LANCEURS D’ALERTE : UNE FAUSSE BONNE IDEE, BIEN A LA MODE

En octobre 2017, le célèbre barème Macron, a limité les demandes indemnitaires excessives, aux prudhommes. Le répit a été de courte durée pour les employeurs. Les avocats de salariés ont vite compris comment contourner ces limites. Ils se sont appuyés sur le texte du code du travail. La route leur était ouverte : N’assumant pas cette mesure révolutionnaire, le gouvernement a prévu une échappatoire : Il a exclu certaines situations du barème Macron. Ce sont les cas de nullités. Dans les faits, ces situations étaient autrefois rarissimes. Depuis 2017, elles foisonnent. Au premier rang désormais, se dresse la protection du lanceur d’alerte.

 

L’article L1235-3-1 énonce six cas de nullité du licenciement :

  • Violation d’une liberté fondamentale ;
  • Discrimination ;
  • Harcèlement ;
  • Licenciement consécutif à une action en justice en matière d’égalité professionnelle entre les femmes et les hommes ;
  • Licenciement d’un salarié protégé.

Aujourd’hui, la quasi-totalité des contentieux prudhommaux vise une de ces nullités. Elles ont inondé tout le paysage prudhommal. Les plus fréquentes sont la discrimination et le harcèlement. Mais avec le temps, les juridictions ne sont plus dupes. Elles ont compris la manœuvre cachée derrière cette stratégie judiciaire. Les juges rejettent de plus en plus ces demandes. L’employeur peut de toute façon s’y opposer avec une certaine efficacité.

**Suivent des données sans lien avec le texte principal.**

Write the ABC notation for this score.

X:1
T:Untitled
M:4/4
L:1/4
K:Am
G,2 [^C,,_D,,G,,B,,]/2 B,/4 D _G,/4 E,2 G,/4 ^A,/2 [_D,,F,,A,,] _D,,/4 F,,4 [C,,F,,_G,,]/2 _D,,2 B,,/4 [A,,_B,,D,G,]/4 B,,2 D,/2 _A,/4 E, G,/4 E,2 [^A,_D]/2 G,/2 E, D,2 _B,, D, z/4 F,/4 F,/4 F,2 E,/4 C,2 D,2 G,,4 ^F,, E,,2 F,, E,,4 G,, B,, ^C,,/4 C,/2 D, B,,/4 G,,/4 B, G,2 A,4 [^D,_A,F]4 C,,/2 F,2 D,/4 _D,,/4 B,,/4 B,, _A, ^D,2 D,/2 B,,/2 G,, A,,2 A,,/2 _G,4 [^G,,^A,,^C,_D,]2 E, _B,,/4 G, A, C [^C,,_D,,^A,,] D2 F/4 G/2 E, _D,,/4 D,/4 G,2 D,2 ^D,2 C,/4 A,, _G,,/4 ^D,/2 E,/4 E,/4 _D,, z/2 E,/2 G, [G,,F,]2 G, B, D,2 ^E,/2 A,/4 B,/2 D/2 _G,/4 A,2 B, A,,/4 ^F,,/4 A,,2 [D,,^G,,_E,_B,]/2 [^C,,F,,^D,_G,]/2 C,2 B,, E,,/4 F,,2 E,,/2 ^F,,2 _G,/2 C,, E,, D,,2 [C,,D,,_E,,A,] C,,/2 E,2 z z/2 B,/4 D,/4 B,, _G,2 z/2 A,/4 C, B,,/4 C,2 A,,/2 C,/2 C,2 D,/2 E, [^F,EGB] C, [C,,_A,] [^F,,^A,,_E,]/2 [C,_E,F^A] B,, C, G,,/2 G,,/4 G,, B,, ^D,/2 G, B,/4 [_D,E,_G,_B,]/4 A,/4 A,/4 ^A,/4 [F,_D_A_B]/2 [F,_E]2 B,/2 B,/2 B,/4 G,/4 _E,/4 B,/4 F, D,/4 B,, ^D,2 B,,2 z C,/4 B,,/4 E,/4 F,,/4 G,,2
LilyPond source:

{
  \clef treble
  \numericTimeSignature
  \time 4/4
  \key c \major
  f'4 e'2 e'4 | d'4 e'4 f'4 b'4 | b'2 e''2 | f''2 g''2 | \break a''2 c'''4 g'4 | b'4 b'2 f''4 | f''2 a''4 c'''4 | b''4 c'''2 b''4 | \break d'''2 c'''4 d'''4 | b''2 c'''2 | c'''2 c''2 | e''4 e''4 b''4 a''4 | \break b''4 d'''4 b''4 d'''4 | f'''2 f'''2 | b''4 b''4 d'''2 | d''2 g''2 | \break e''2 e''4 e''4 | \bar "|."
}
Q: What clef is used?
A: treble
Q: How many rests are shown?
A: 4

Cependant, si jamais la nullité du licenciement est prononcée, l’addition peut être très élevée : réintégration du salarié + rappel de tous les salaires mensuels depuis le licenciement. Les contentieux prudhommaux étant souvent longs, les condamnations peuvent atteindre des sommets.

 

Évolution et fondement législatif

Parmi les causes de nullité, figurent les sanctions prononcées contre les lanceurs d’alerte. Depuis le 1er septembre 2022, leur définition a été considérablement élargie. La protection attachée à leur statut a aussi été étendue. Cette protection nouvelle va -hélas- s’inviter dans de nombreux contentieux. Nous l’anticipons. En effet, les juges connaissent encore mal la notion de lanceur d’alerte. Les avocats de salariés vont sans doute s’engouffrer dans la brèche. Il faut dire que cette protection est tout simplement hallucinante.

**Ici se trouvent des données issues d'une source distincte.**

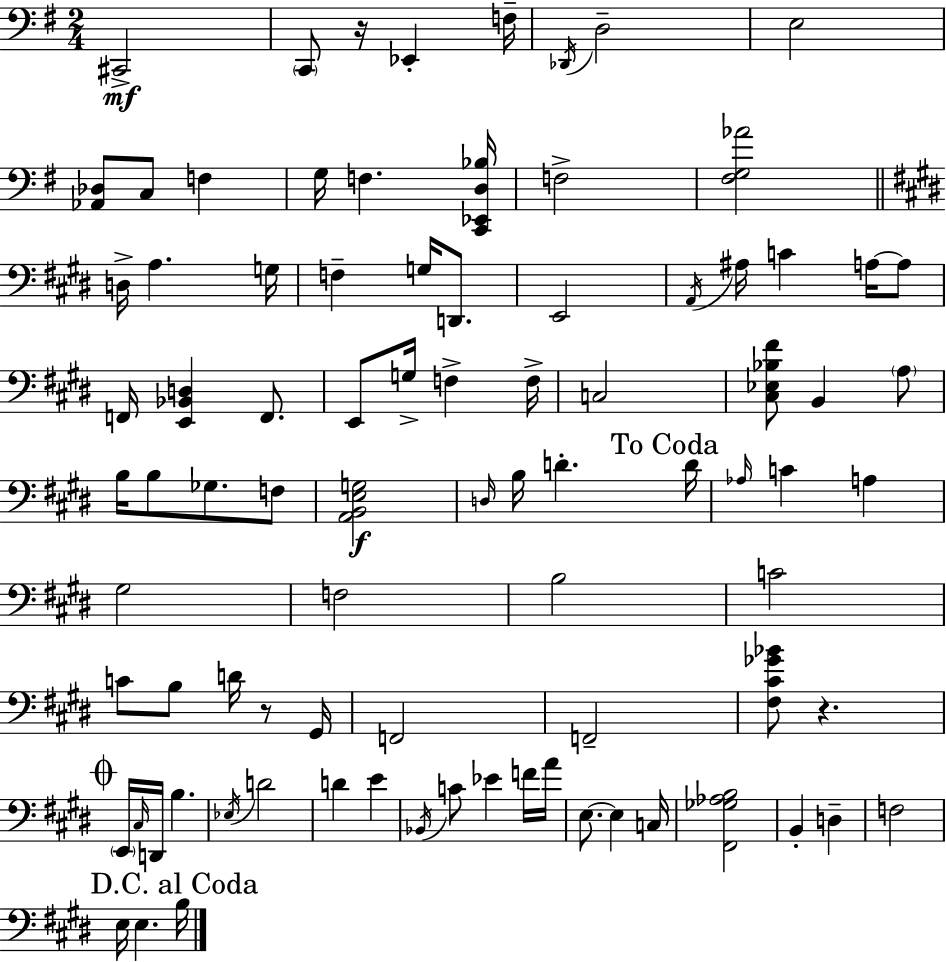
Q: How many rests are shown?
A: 3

Certes, l’acquisition du statut de lanceur d’alerte est soumise à conditions. Le salarié est qualifié de lanceur d’alerte si :

  • Il fait de bonne foi…
  • …et sans contrepartie financière directe…
  • …des révélations portant sur :

    • un crime,
    • un délit,
    • une menace ou un préjudice pour l'intérêt général,
    • une violation ou une tentative de dissimulation d'une violation :

      • d'un engagement international régulièrement ratifié ou
      • approuvé par la France,
      • d'un acte unilatéral d'une organisation internationale pris sur le fondement d'un tel engagement,
      • du droit de l'Union européenne,
      • de la loi ou
      • du règlement ;

Nature de la révélation

A l’origine, la révélation devait porter sur une violation grave et manifeste. A défaut, elle ne conférait pas de protection au lanceur d’alerte. Ce critère a été hélas, supprimé. Les détournements du dispositif vont se multiplier. Le Conseil d’état avait vu le point, et émis une réserve (CE 4 avril 2001, Avis n°404001). Comment ne pas lui donner raison ? En effaçant cette condition, le champ des alertes est ouvert à tous les vents. Toute violation d’un règlement, même involontaire, même mineure, peut faire l’objet d’une alerte. Sur le principe, inciter les salariés à révéler des manquements peut paraître une intention vertueuse. L’employeur est averti. Il doit aussitôt réagir pour mettre un terme au manquement ou à la violation révélée. Toutefois, conférer -de manière systématique- à l’auteur de cette révélation, la protection de lanceur d’alerte, est démesuré.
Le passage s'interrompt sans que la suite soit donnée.